Secrets of the Okanagan cellars

Let me take you down to the dark spaces where wines sparkle and the angels play.

Wine is a delicate thing, honed over thousands of years, its needs are still pretty basic: keep me cool and dark. In the blistering Okanagan heat, the best place to find that is underground.

Entering the cave at Pentâge, on the hillside overlooking Skaha Lake just south of Penticton, I feel like I’m at the spa. The thick air is humid with a hint of minerality. The 500 square-metre cave encloses the entire production facility of this boutique 5,000-case winery. The crush pad is outside on top, with tubes to drain the yummy juice straight into the fermentation tanks. Hundreds of barrels are stacked, aging red wine and Chardonnay in the cave’s dark recesses.

My entrance to the cavern at Seven Stones in the Similkameen Valley is a bit more dramatic as I step down the winding staircase that brings me deep into the earth.
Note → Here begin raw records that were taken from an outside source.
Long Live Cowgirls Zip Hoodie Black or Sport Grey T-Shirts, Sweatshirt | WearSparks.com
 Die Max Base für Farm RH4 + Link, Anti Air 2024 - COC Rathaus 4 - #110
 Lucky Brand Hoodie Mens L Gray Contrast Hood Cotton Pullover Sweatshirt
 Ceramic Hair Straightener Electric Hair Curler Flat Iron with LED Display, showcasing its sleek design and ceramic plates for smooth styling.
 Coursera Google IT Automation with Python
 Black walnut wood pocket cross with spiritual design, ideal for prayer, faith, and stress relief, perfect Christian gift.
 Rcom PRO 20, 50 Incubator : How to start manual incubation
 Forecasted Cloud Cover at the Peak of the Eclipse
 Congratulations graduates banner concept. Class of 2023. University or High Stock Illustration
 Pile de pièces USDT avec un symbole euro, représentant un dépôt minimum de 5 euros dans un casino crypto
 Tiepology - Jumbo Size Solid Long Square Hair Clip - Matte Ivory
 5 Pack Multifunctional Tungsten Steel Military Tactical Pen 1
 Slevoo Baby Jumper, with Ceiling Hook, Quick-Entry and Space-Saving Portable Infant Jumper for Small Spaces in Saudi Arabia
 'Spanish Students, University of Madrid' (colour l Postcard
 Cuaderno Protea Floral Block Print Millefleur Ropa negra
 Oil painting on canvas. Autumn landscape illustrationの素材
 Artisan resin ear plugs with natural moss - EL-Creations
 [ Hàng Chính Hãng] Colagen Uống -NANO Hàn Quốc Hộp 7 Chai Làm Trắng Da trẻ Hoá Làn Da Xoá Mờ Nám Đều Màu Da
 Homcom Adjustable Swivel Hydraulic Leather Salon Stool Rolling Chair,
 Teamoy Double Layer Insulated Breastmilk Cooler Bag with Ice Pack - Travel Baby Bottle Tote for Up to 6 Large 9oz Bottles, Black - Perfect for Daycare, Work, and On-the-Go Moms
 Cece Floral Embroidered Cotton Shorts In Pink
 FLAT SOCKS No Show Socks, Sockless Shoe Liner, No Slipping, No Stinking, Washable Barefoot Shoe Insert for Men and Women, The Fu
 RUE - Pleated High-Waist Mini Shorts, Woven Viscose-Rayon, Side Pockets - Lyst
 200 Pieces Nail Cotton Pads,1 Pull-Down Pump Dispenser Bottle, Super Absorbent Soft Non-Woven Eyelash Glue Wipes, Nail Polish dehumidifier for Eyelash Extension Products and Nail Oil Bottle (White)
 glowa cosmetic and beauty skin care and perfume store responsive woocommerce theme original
This cave, large enough to accommodate 300 barrels, was excavated with the purpose of cellaring fine Bordeaux-style wines, including The Legend and Meritage.

Contact with oak softens and smooths wine, making it rounder, richer and more complex. It’s why a wine has notes of vanilla, clove or allspice.

Wooden barrels are also porous so winemakers account for the evaporation or angel’s share?—?the tariff imposed on us to allow the wine to age. A single barrel can lose 27 bottles, while a cellar with high humidity cuts that down to seven. For winemaker George Hanson at Seven Stones, that translates to a $70,000 saving each vintage.

One can almost see the angels in the high arching ceilings of the expansive cave at Mission Hill. Designed in a traditional sense of Old World barrel cellar, the rock is exposed for both its natural beauty and to showcase the terroir of the hillside, being volcanic rock.

At the cave at Sumac Ridge in Summerland, cellar staff, not the angels, are hard at work creating natural sparkling wine. Made in the méthode classique, each bottle is hand turned, one quarter, one a time, over six weeks. This riddling moves the lees (dying yeast) to the neck of the bottle. The wine is left to bottle-age in the dark and cool for three years.

In Lake Country, its Pinot Noir aging in barrel casks in the dark cave honed from the mountainside at 50th Parallel. The cave is just the first tunnel dug with plans to expand underground as this new winery grows.

Head out and tour the wine caves of the Okanagan and take to heart their dark and cool lessons when you store your wine at home.